▸ **REQUIRED WORK**: What is needed is an exact copy of the lines in the entries below from the one holding "Electromagnetics for Engineers" through the one holding "Used 2023 Honda Ridgeline RTL-E image 8", pictures excluded.

▸ **RECORDS**:
>>>
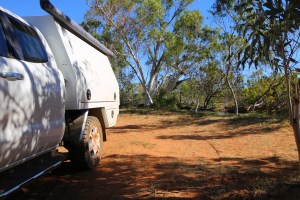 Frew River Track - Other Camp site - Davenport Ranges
<<<
>>>
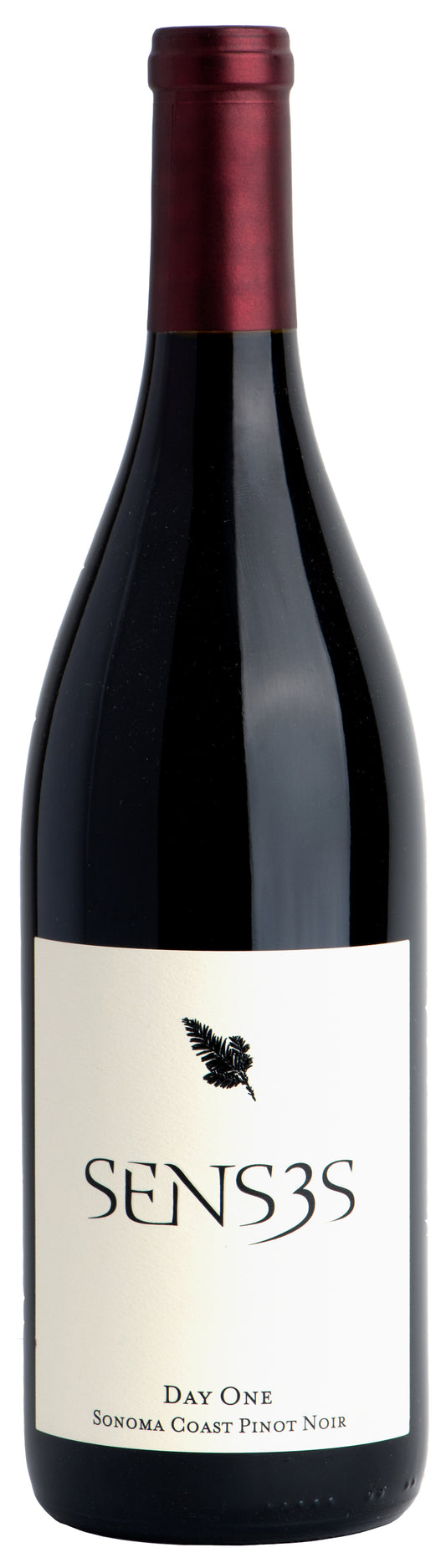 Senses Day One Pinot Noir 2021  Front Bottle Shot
<<<
>>>
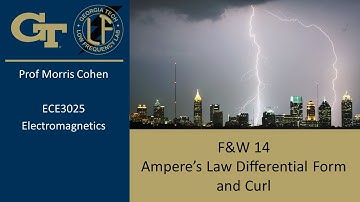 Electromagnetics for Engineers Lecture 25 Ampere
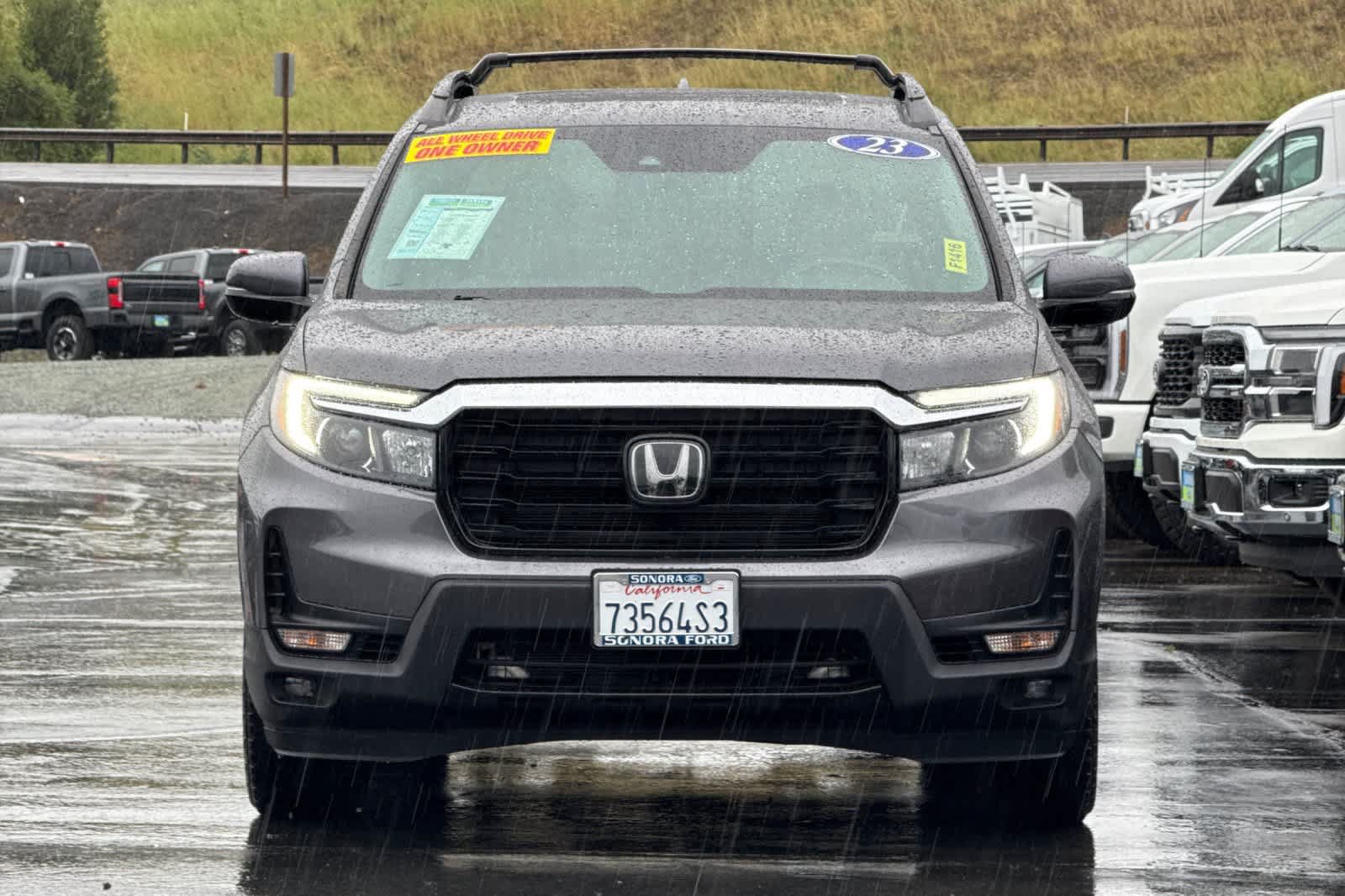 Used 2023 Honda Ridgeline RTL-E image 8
<<<
▸ **COMPLETED EXERCISE**:
 Electromagnetics for Engineers Lecture 25 Ampere
 Used 2023 Honda Ridgeline RTL-E image 8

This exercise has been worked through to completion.